:: Task requirements ::
Output the listing below exactly, minus its images.

:: Collected data ::
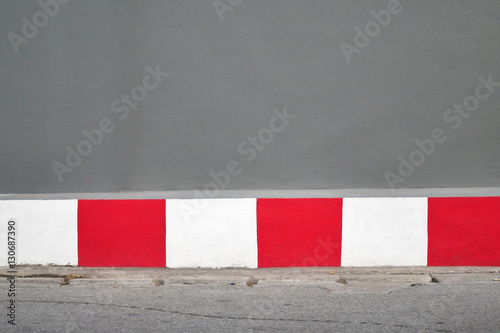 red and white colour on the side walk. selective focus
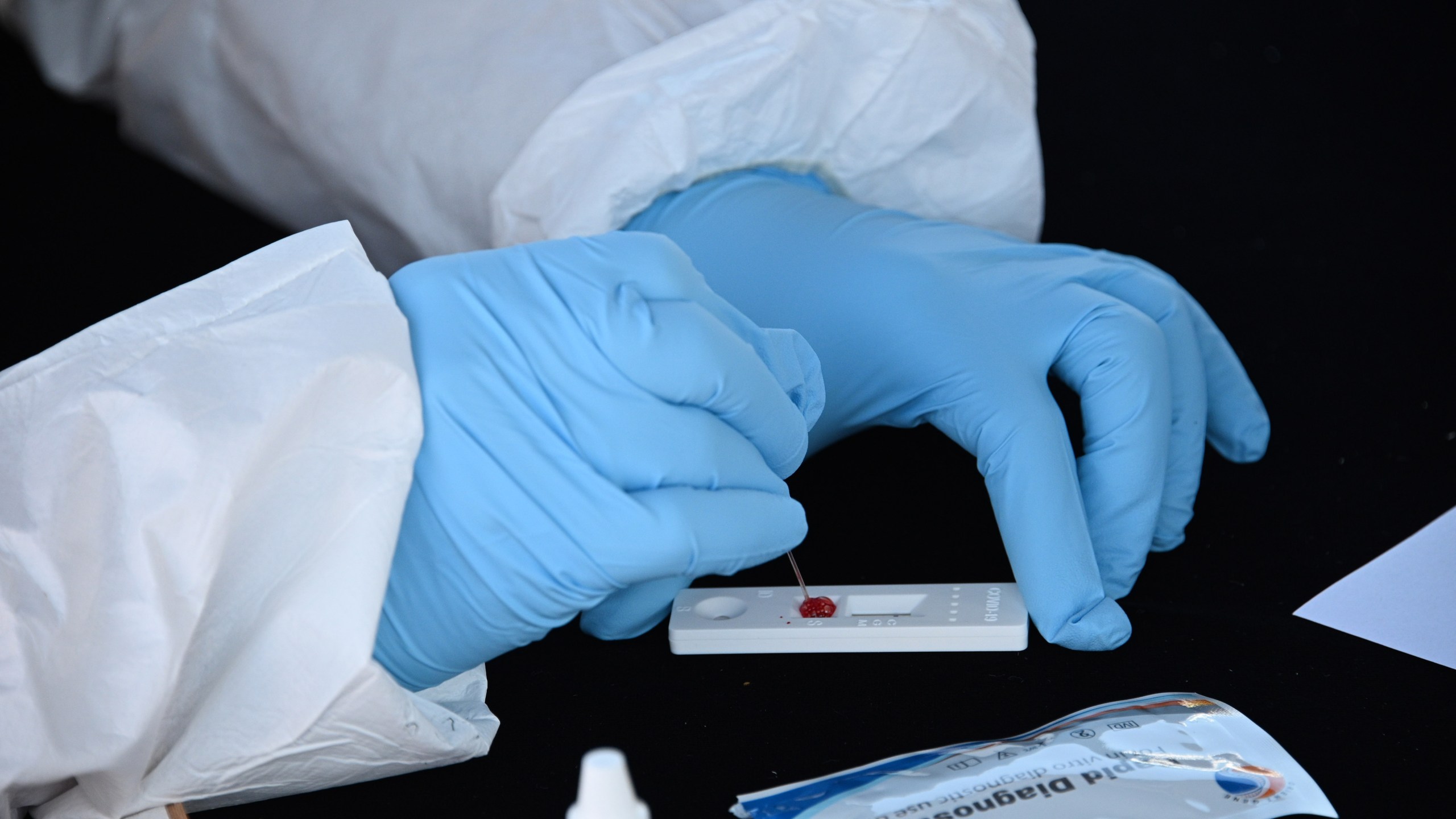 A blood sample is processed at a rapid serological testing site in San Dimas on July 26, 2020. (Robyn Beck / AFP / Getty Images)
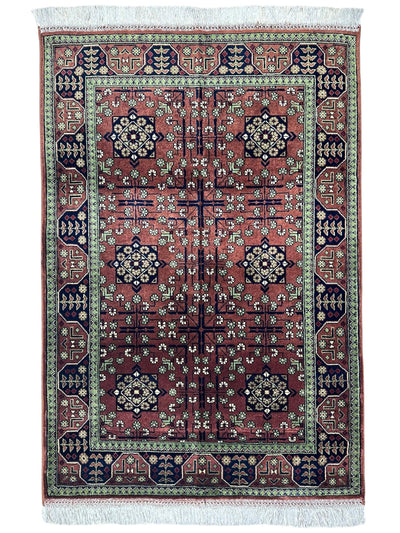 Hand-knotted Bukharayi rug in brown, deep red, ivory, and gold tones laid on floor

:: Answer to the problem ::
 red and white colour on the side walk. selective focus
 A blood sample is processed at a rapid serological testing site in San Dimas on July 26, 2020. (Robyn Beck / AFP / Getty Images)
 Hand-knotted Bukharayi rug in brown, deep red, ivory, and gold tones laid on floor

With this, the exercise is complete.